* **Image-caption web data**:
☆ ☆ ☆ ☆

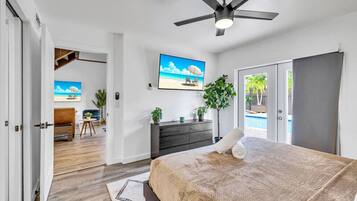A bedroom with a bed, a ceiling fan, a TV, a dresser, and a view of the outside.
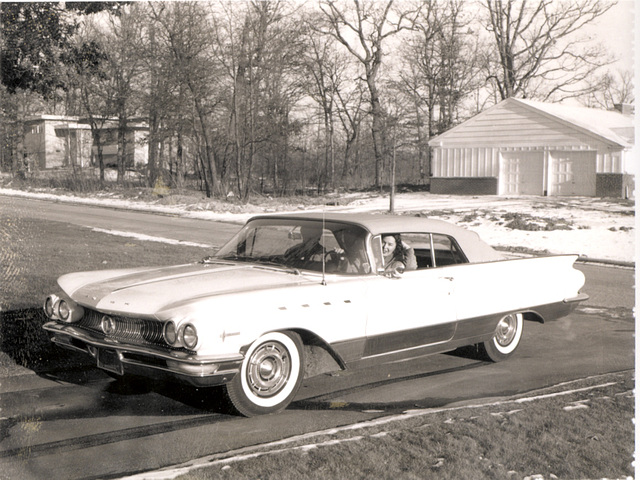 Mom's 1960 blue over white Buick Electra convertible.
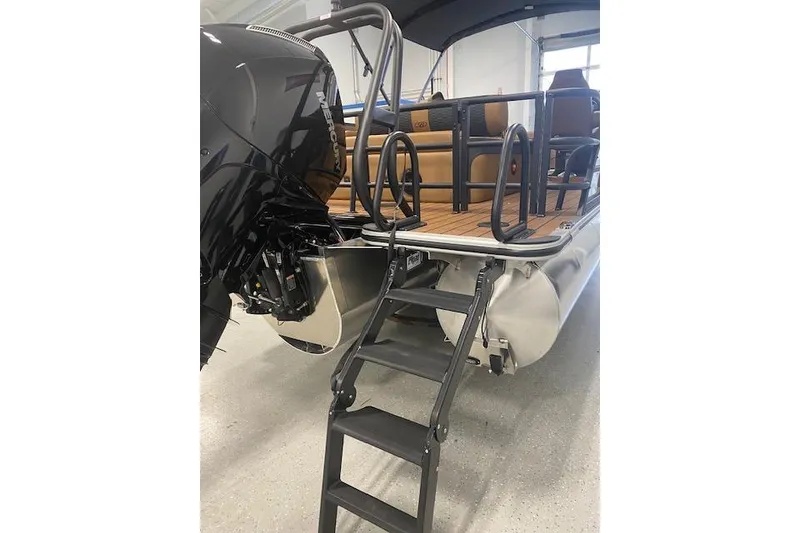 Slide: The Image of 2026 Bentley Pontoons Elite 253 Swingback with ladder and outboard motor in showroom. - 23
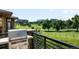 Balcony view overlooking a lush green golf course with surrounding office buildings at 10243 Spring Green Dr, Englewood, CO 80112
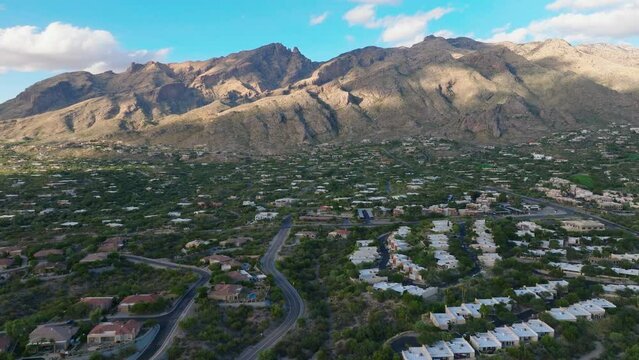 Aerial Drone Shot of Neighborhood of Catalina Foothills in Tucson Arizona on Sunny Day, Mountains In Background and Houses Below
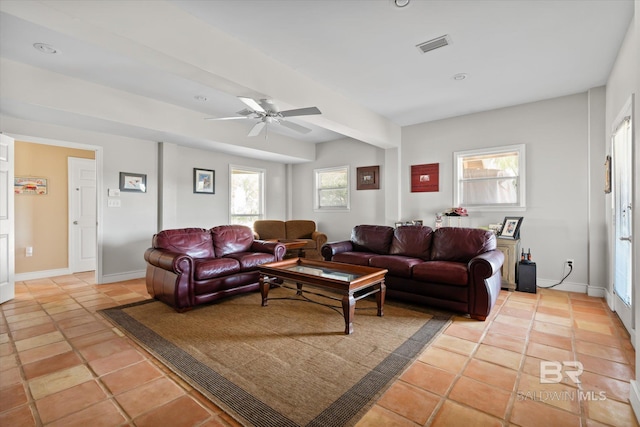 tiled living room with ceiling fan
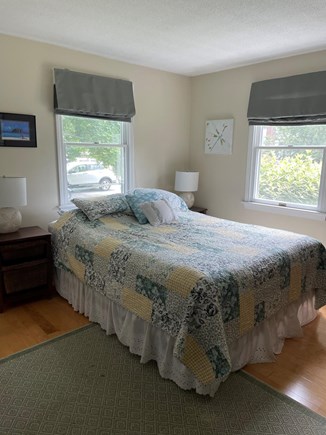 Harwich Cape Cod vacation rental - Primary bedroom with two dressers and one queen sized bed.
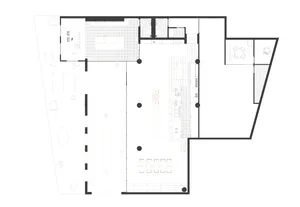 A large empty interior space with white walls, multiple rooms, and no furniture or decorations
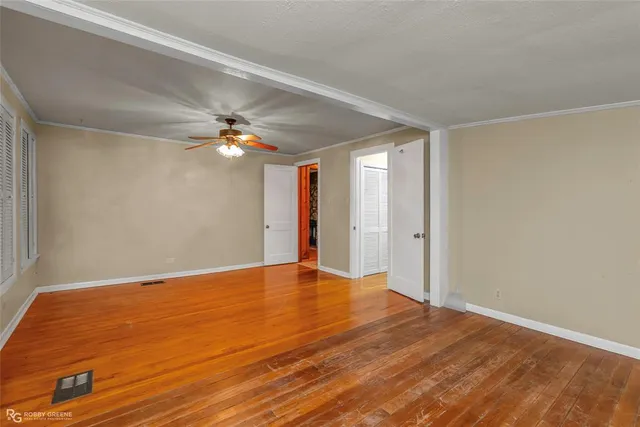 a view of a big room with wooden floor and a ceiling fan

☆ ☆ ☆ ☆

* **Exercise instructions**: The lines to copy begin at the one containing "Harwich Cape Cod" and end at the last line of the records. Set down exactly those lines and no others, both ends included, and omit all pictures.

* **Solution to this exercise**:
 Harwich Cape Cod vacation rental - Primary bedroom with two dressers and one queen sized bed.
 A large empty interior space with white walls, multiple rooms, and no furniture or decorations
 a view of a big room with wooden floor and a ceiling fan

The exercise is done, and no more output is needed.